The device has to be worn at night as well as one hour during daytime. The effect can be increased by doing bite exercises during this time. The wearing comfort is pretty high, however talking is completely impossible. In order to wear the device the patient must be able to breathe through the nose. During the first days, it can fall out of the mouth.

As with any intra-oral appliance, wearing it should not cause sore spots on the gingiva, as this could lead to permanent tissue damage. If it does cause sores, the parts of the device causing the damage have to be cut off as soon as possible.

== History ==

In the early 1950s, the French orthodontists Prof. René Soulet and Prof. André Besombes removed the fixed braces of their patients for the time of the summer holidays. In order to stabilize the results achieved so far, they gave them a confectioned rubber retainer to wear at night.

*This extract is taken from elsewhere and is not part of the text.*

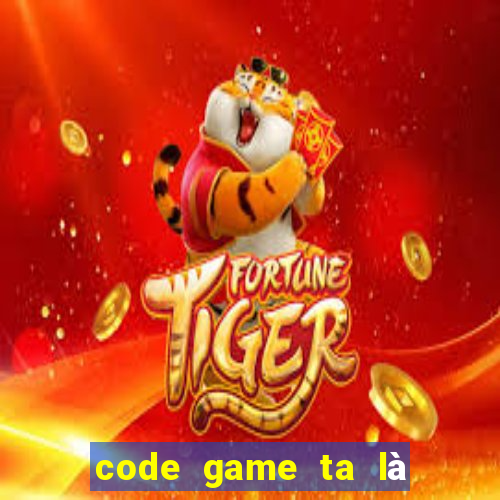 code game ta là hoàng thượng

To their own surprise, they discovered afterwards that the tooth and jaw anomalies had not only not worsened but even become better during this time. So they improved their construction and called it Conformateur.

== Usage today ==

The splint activator is a rather exotic appliance, albeit in recent times, the Trainer for Kids (T4K) made by the Australian company Myofunctional Research has gained some acceptance in the early treatment of young patients. Some very few practitioners claim that they can successfully treat patients of any age using the splint activator.